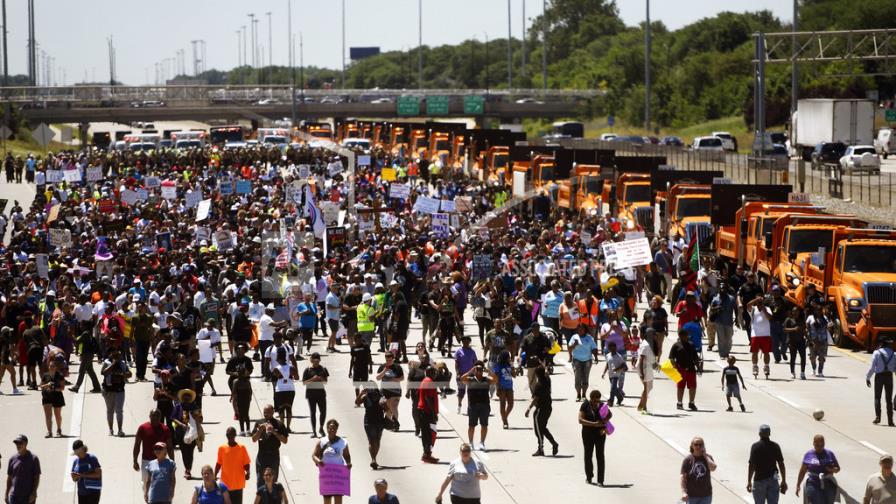 Manifestantes antiviolencia bloquean vía rápida de Chicago Manifestantes antiviolencia bloquean vía rápida de Chicago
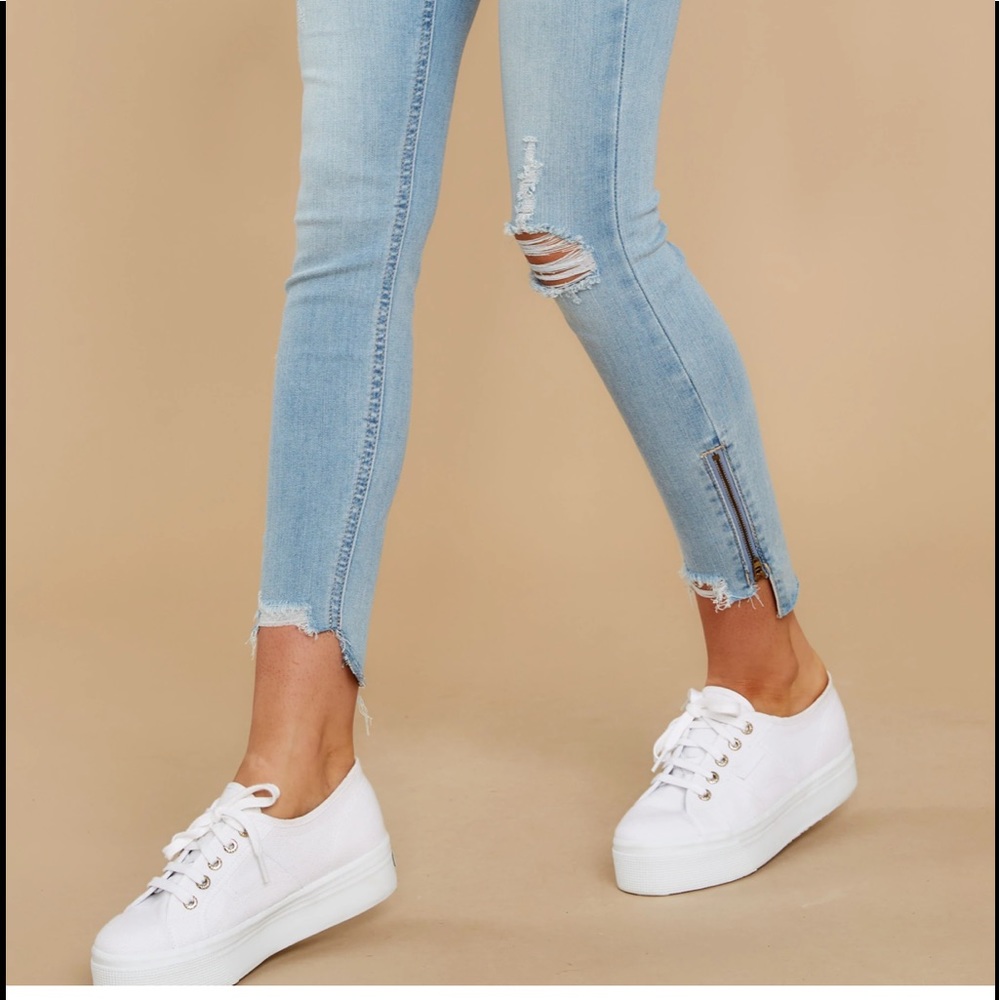 Light wash distressed skinny jeans 🦋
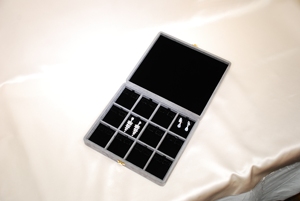 Caja de exhibición de joyería rectangular para solución de almacenamiento de pendientes con diseño elegante Edición del Día de San Valentín de Yongda - Product Image 4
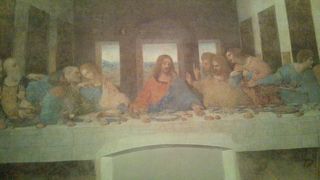外人がぞろぞろ・・・最後の晩餐は世界中で人気ですね
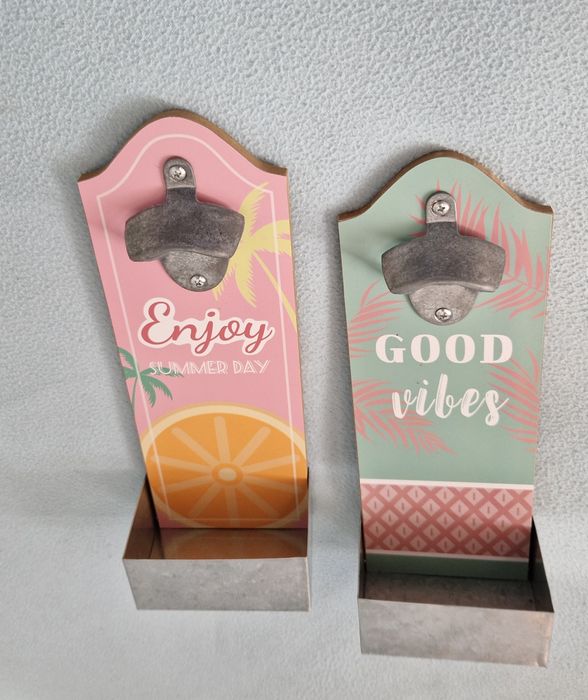 Otwieracz do butelek od piwa z pojemnikiem na kapsle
.....
Wherever a picture appears in the material above, skip it and copy the rest without change.

EXERCISE SOLUTION:
 Manifestantes antiviolencia bloquean vía rápida de Chicago Manifestantes antiviolencia bloquean vía rápida de Chicago
 Light wash distressed skinny jeans 🦋
 Caja de exhibición de joyería rectangular para solución de almacenamiento de pendientes con diseño elegante Edición del Día de San Valentín de Yongda - Product Image 4
外人がぞろぞろ・・・最後の晩餐は世界中で人気ですね
 Otwieracz do butelek od piwa z pojemnikiem na kapsle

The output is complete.